IIRC with Rails 4 associations introduce their methods via a module, which means you can super
to them, so why not:
class Post
has_many :comments
def comments(*)
super.visible
end
end
I’m not too keen on having moar DSL when defining a simple method suffices. It also gives you more flexibility to call whatever on the association.
For example, your suggestion to avoid an Array of scopes is to define an extra scope / singleton method on Comment for the sole purpose of having something you can call here. But then you’re defining a method on Comment that you only use from Post, which is weird (and potentially confusing—later one someone might change the scope passed to the association, but might not know that the scope definition on Comment is no longer used, so you end up with dead code).

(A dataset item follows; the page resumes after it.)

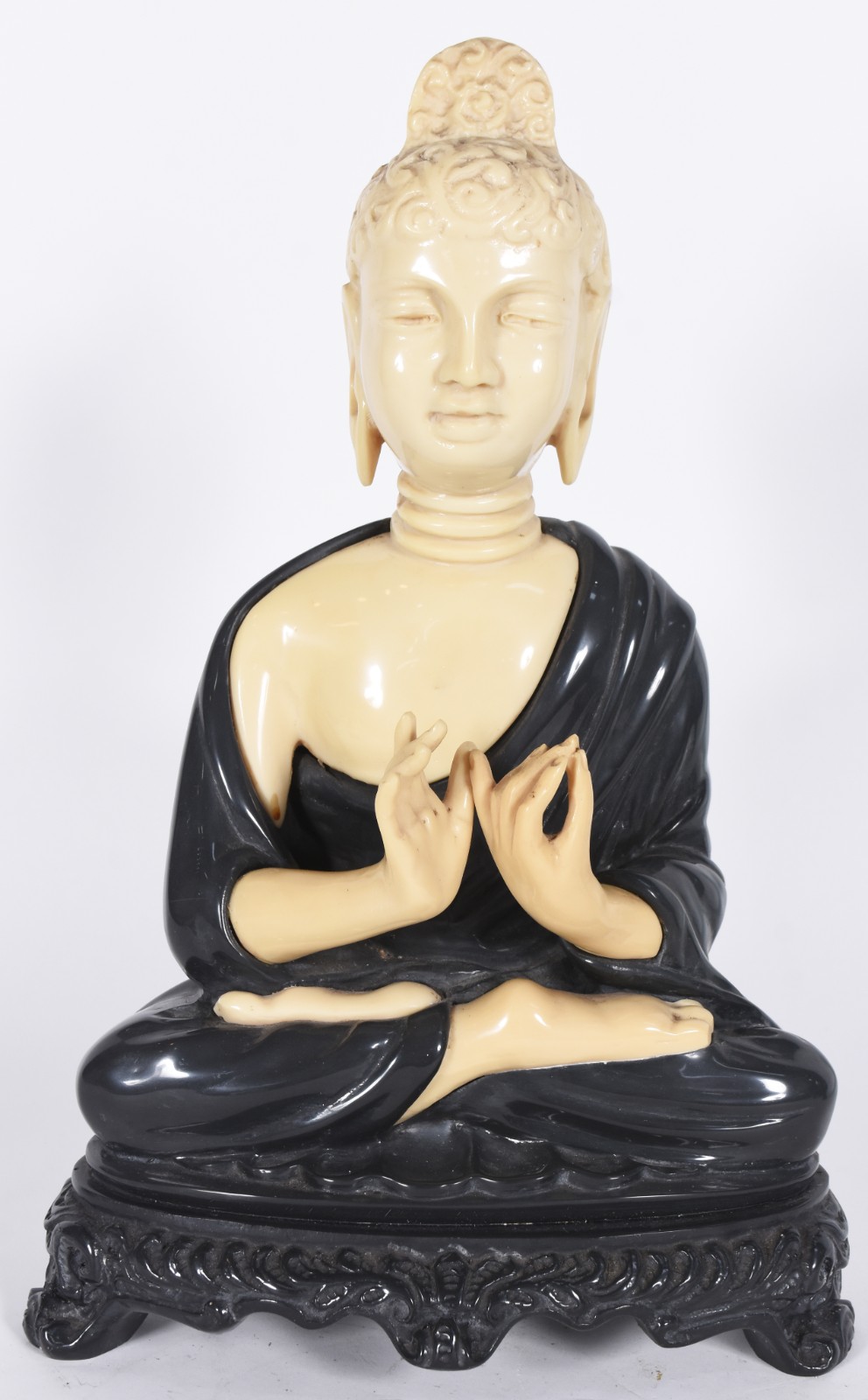 Escultura representando "Buda" de resina nas cores preto e bege. - foto 4 de 6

With this approach you can simply call whatever you want on the method overriding the association, instead of having to do extra work just for the sake of having a DSL.
Cheers,
-foca
foca, in your example, I’d use Post.find(1).comments to get only the visible comments. How would I be able to get ALL the comments, including the hidden ones? I’m thinking of passing a parameter to the comments method.
class Post
has_many :comments
def comments(show_hidden = false)
show_hidden ? super : super.visible
end
end
Is this the right way?
The problem with that is that you’re overloading the meaning of association(flag). When passing a boolean to an association, you are telling it to force-reload the association (if true). If I read in the code “post.comments(true)” I will always think you’re trying to force-reload the association, which would be weird 
If you want to have both versions of the association (with and without the scope), I would just define a different method (visible_comments
).
There’s also a subtle bug with your code: The version of super without parentheses will invoke the superclass method with the same arguments than the current method, which would pass the boolean flag to the association per-se, which would have weird effects (since you’d force an extra query every time you try to load the visible comments).
You would need to call super() like so:
def comments(show_hidden = false)
show_hidden ? super() : super().visible
end
Cheers,
-foca
Ah-ha! Didn’t think of the super-without-paranthesis bug! Very subtle, good catch!